Yorkshire’s industrial sector could save at least £46.1m if its industrial firms adopt new energy technologies such as solar power and battery storage, according to a report published today by Centrica.
Manufacturing and production companies have been challenged to improve their energy productivity by 20 per cent by 2030, as set out by the government’s Clean Growth Strategy.
Centrica’s report, Distributed Energy: Powering the future of industry, covers the UK’s major manufacturing and production activities such as steel, mining, chemicals, car manufacturing, machinery and food and drink production, which together account for one quarter of the UK’s electricity demand.
The research findings suggest that savings could be achieved by adopting distributed energy technology such as new heating and lighting, solar, Combined Heat and Power (CHP) and battery storage.
New energy monitoring technology can also help to identify inefficient processes.
The report also suggests that if 50 per cent of businesses in the sector took up energy technology improvements, Yorkshire’s productivity and growth could be boosted by £1.173bn GVA (Gross Value Added).

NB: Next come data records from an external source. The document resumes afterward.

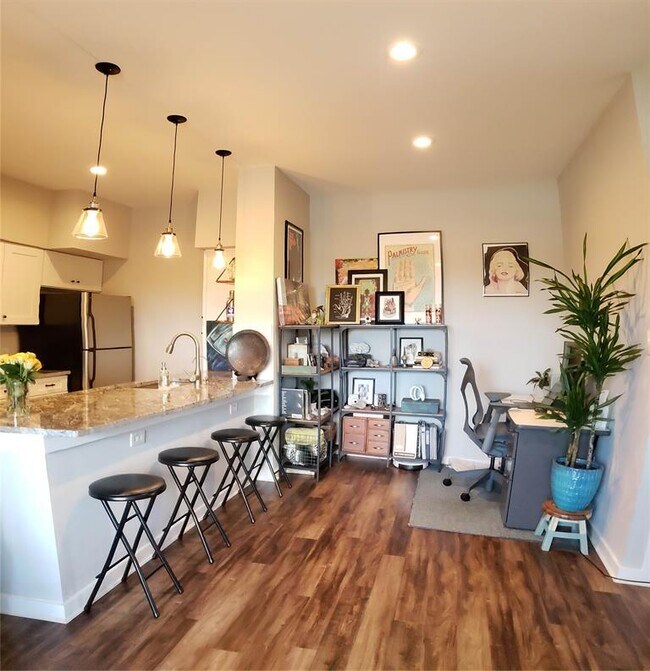 Foto del edificio - 1201 Grove Blvd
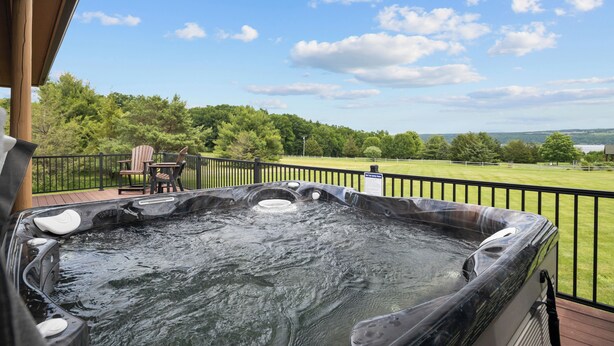 Bañera de hidromasaje al aire libre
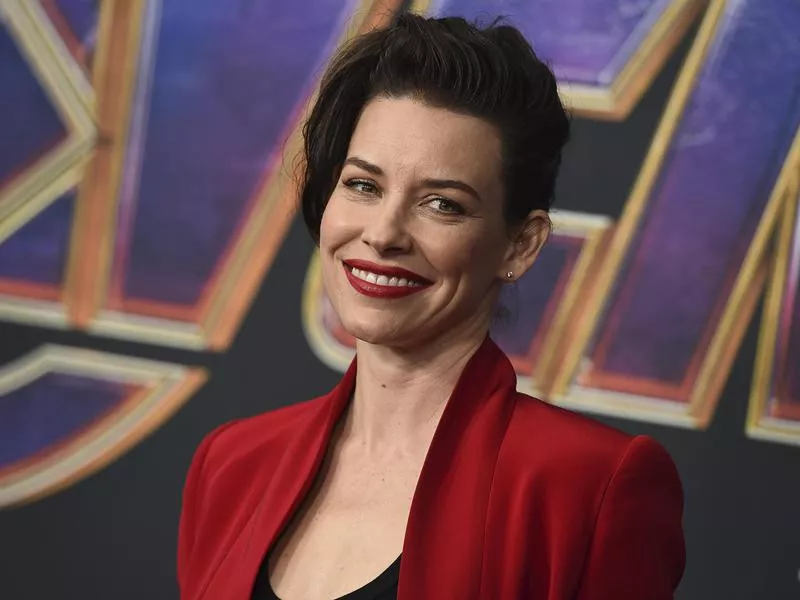 Evangeline Lilly smiling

Jorge Pikunic, managing director at Centrica Business Solutions, said: “In 2017, the UK industrial sector used 92 million megawatt hours of energy. As well as being a staggering statistic, I believe this is also a clear signal of the opportunity for industrial organisations across Yorkshire to play their part in the changing energy landscape, while also unlocking the potential of energy to ensure the UK’s position in the global marketplace.”
Mr Pikunic added: “By exploiting the energy technology of the 21st century, the city’s industrial sector can inspire a new revolution and help secure business advantage – a particularly important opportunity for the UK as it adapts to life outside the European Union.”